TOKYO/MILAN (Reuters) - Shares of global automakers and suppliers tumbled on Friday after U.S. President Donald Trump threatened to impose tariffs on imports from Mexico, potentially upending a global manufacturing business model established decades ago.
From Mazda Motor Corp in Japan to Volkswagen AG in Germany to General Motors Co in the United States, carmaker stocks took a hit as a new front opened in the global trade war. Analysts estimated the proposed duties could cost automakers and suppliers as much as $23 billion, an amount that Deutsche Bank’s Emmanuel Rosner said “could cripple the industry.”
Automakers and suppliers could try to pass along tariff costs to consumers. Swedish industrial seals and bearings maker SKF, which supplies carmakers in the United States from Mexico, said it would pass on any tariff impact to customers..
“Margins are so thin in the U.S. market right now that there’s no way that any automaker is not going to pass on these tariffs to their customers,” said Janet Lewis, an analyst at Macquarie Securities.
However, other analysts said tough competition and slowing demand for vehicles would likely force manufacturers to eat much of the added cost. That in turn could force more cost-cutting by auto sector manufacturers.
Major trade groups that represent the Detroit Three automakers and global automakers with U.S. operations criticized the proposed tariffs in statements Friday.
“Any barrier to the flow of commerce across the U.S.-Mexico border will have a cascading effect – harming U.S. consumers, threatening American jobs and investment,” David Schwietert, interim head of the Alliance of Automobile Manufacturers said in a statement that called tariffs a tax on consumers.
Auto trade groups also expressed concern that a tariff war with Mexico would undermine efforts to win congressional approval for a new U.S., Canada and Mexico trade agreement negotiated by the Trump administration.
Automakers shipped 2.52 million vehicles to the United States from Mexico in 2018, accounting for about 14.6% of total U.S. car and light truck sales, according to IHS Markit, a consulting and market research firm.
Railing against a surge of illegal immigrants across the U.S. southern border, Trump said he would target all goods coming from Mexico with a 5% tariff from June 10, increasing monthly to 25% by Oct. 1, unless Mexico took immediate action.
“In order not to pay Tariffs, if they start rising, companies will leave Mexico, which has taken 30% of our Auto Industry, and come back home to the USA,” Trump wrote in a tweet on Friday.
Auto industry executives have said it would cost billions to abandon factories in Mexico and build replacements in the United States. For years carmakers and auto parts makers have built vehicles and parts in Mexico, taking advantage of its cheap labor, trade deals and proximity to the United States, the world’s second largest auto market after China.

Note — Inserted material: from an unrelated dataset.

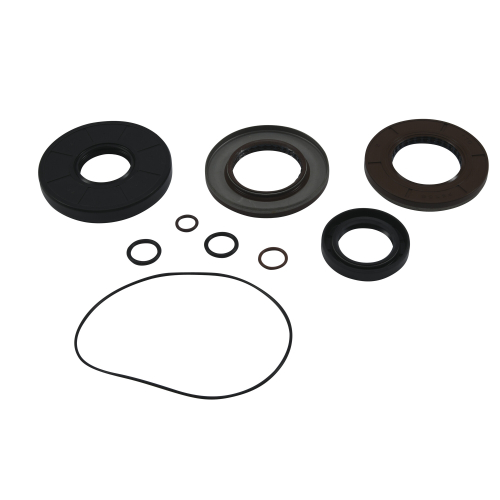 All Balls - All Balls Differential Seal Only Kit - 25-2113-5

Mexico now dominates production of certain key automotive components, such as wiring harnesses - the networks of cables that connect on-board computers, brakes, headlights and other electrical systems. Mexico produces 97% of the wiring harnesses used in North American made vehicles, said Peter Nagle, senior automotive economist at IHS Markit.
Trump’s threat to impose tariffs rattled a number of global companies and industries. In addition to the auto sector, aerospace suppliers, industrial component makers and electronics firms are vulnerable.
“This being escalated at a time when the China situation is not still resolved shows that Trump views tariffs as a weapon he can use without damage to the U.S. economy. That’s worrying and sends a bad signal for the outlook for global trade overall,” said Jon Harrison, a senior macro strategist at TS Lombard.
The latest threat to impose tariffs on millions of vehicles bound for the United States comes two weeks after Trump announced he would delay a decision on imposing up to 25% tariffs on vehicles from the European Union and Japan by up to six months.
Automakers shipped $52.6 billion worth of vehicles to the United States from Mexican assembly plants in 2018. Another $32.5 billion in auto parts flowed to the U.S. from Mexican factories, according to U.S. Commerce Department data.
Some of the most popular vehicles sold in the United States are made in Mexico, including versions of GM’s Chevrolet Silverado pickup, the Chevrolet Blazer SUV, Volkswagen’s Jetta sedan and Toyota Motor Corp’s Tacoma pickup.
Trump’s tweet ignited a global sell-off in shares of major auto industry players. In Japan, where Trump’s initial tweet threatening tariffs landed as markets were opening, shares in Toyota fell 3% while Nissan dropped 5% and Honda 4%. Mazda took a bigger hit, tumbling 7%. All four operate vehicle assembly plants in Mexico, producing roughly one-third of the vehicles made there.
In Europe, potential merger candidates Fiat Chrysler Automobiles NV and Renault SA led the carmakers lower, each falling 5%, while automotive supplier Faurecia SE was down 4% in late afternoon trading.
In Friday afternoon U.S. trading, shares of GM, Ford and big auto parts makers Delphi Technologies PLC, Aptiv PLC and seat maker Adient PLC all tumbled.